O mundo está dividido em dois lados: os liberais, e os países que querem ser ainda mais restritivos na luta contra as drogas
O Canadá se tornou em junho o primeiro país do G-20 a legalizar a maconha com fins recreativos. Esta é uma boa notícia para quem defende uma maior tolerância com os estupefacientes como solução para o problema. Ann Fordham, do Consórcio Internacional de Políticas de Drogas, vê a medida como um “passo adiante”. “A Rússia não achou graça nenhuma nisso. É importante porque vemos que por fim algo se move”, afirma.
Se a Rússia está no extremo conservador em questão de narcóticos, a Holanda se situa claramente no polo oposto. Neste país europeu a redução de danos é levada a um nível superior, e não só os viciados são atendidos como também há centros com financiamento público que analisam as substâncias de uso recreativo para assegurar que os consumidores não ingiram algo ainda mais perigoso que a droga que procuravam. “Serve como ferramenta de saúde pública, porque nos permite saber o que há no mercado, as tendências de consumo e os riscos que existem”, explica Daan van der Gouwe, do Departamento de Monitoramento de Drogas (DIMS, na sigla em inglês) do Instituto Trimbos. Há dois anos circularam comprimidos de ecstasy, conhecidas por seu aspecto (Superman rosa), que eram potencialmente mortais. Foi lançado um alerta público sobre eles.
Qualquer um que quiser, por 2,5 euros, pode ir ao laboratório do DIMS para analisar sua droga e saber o que ela contém. As mais frequentes são ecstasy e MDMA. Neils, um usuário do centro, diz ser uma forma de consumir “com mais segurança”, algo que ele faz ocasionalmente, “umas oito vezes por ano”. Se a substância estiver na base de dados, os resultados demoram apenas alguns minutos. Do contrário, podem tardar cerca de uma semana.

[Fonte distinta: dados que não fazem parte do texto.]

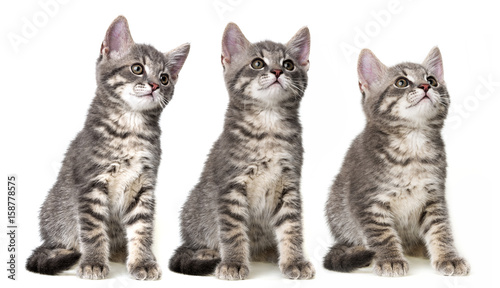 cute kittens isolated on white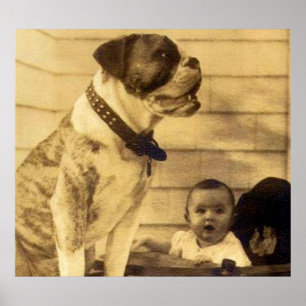 1920s pitbull guards baby poster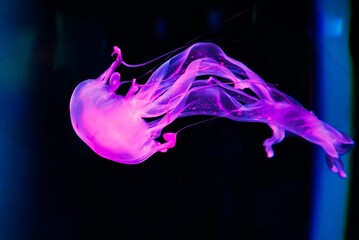 Closeup shot of a glowing purple jellyfish underwater © Wirestock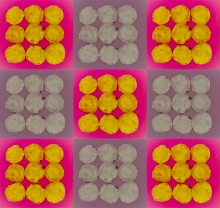 Fluorescein Fields Forever (c) Juan Mena and Veronica Montgomery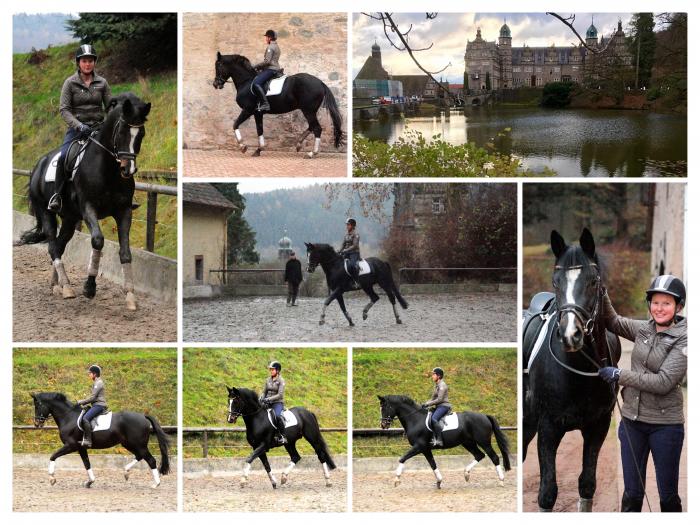  - Trakehner Gestt Hmelschenburg - Beate Langels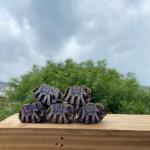 Handcrafted Elephant Wood Block Stamp – Pack of 5 Hand Made Block Paper & Fabric Print Stamp Handmade Sheesham Wooden Block Print Stamp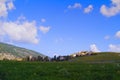 Landscape of green field and east Kiryat Haroshet northwest Israel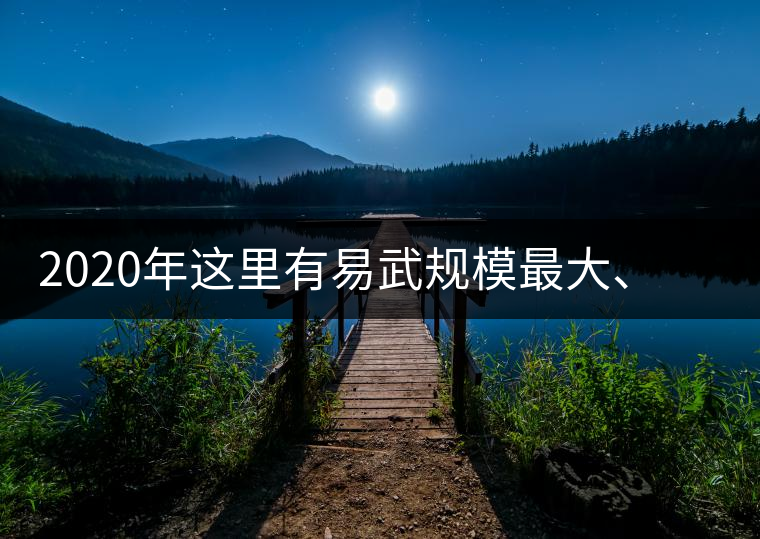 2020年這里有易武規(guī)模最大、保存最好的古樹茶林-易武中聘號
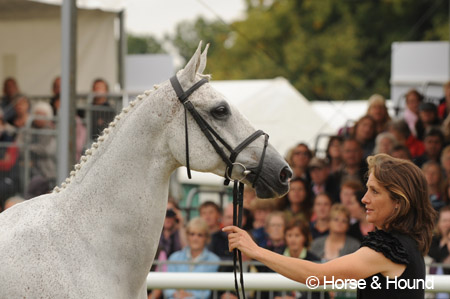 Lenamore at the Burghley Horse Trials 2011 trot-up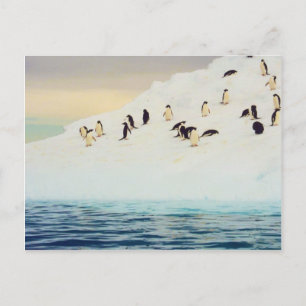 Manchots sur glace, carte postale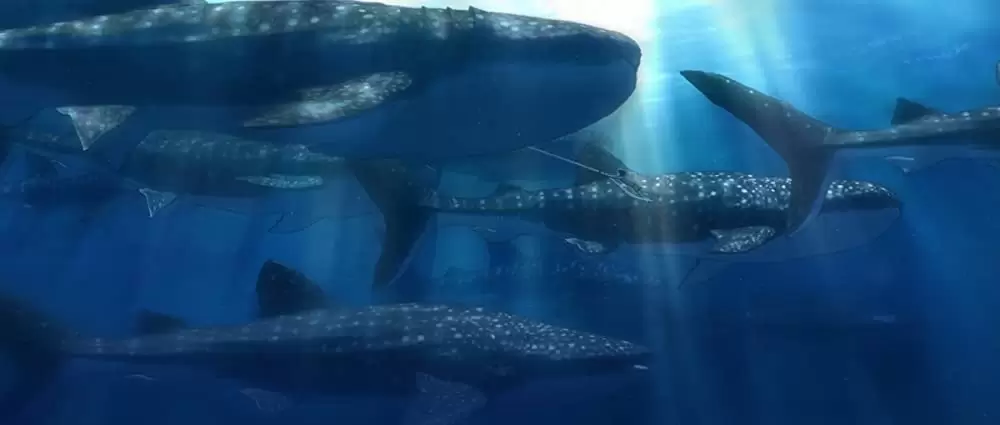 海獣の子供の画像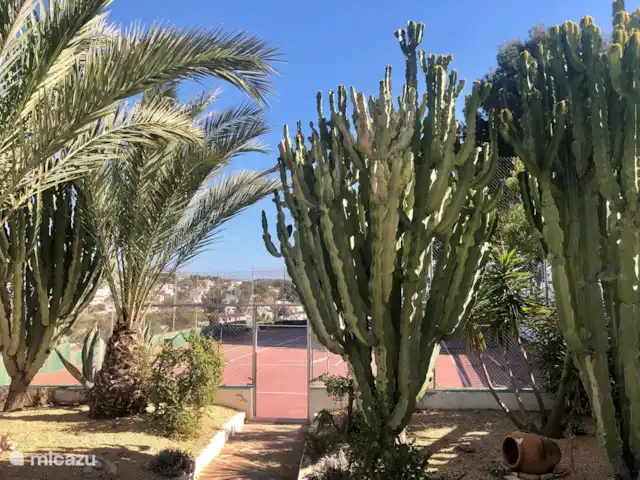 appartement huren in Spanje, Costa Blanca, Benissa – Casa Eucalyptus Voortuin tennisveld, prachtige zuiderse planten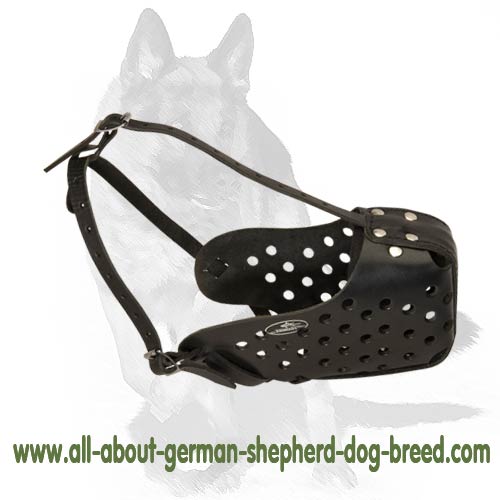 'Echelon' - German Shepherd Dog Leather Basket Muzzle
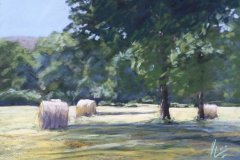 PG_CAMPAGNE_016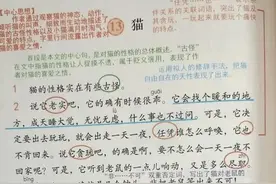 四年级语文下册第13课《猫》课堂笔记及课后习题答案图片
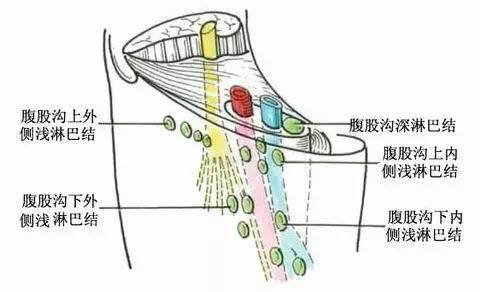 颈部淋巴结位置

Instalações desse tipo são ainda mais escassas no mundo que os de consumo seguro de heroína, e tampouco estão isentas de polêmica. São o que há de mais radical em política de redução de danos, e ainda não existem estudos que certifiquem que realmente sirvam para melhorar a saúde pública. Mas há muitos outros passos anteriores, como os antes descritos, que contam com evidências que os respaldam. E, ainda assim, a maioria dos países continua a ignorá-los.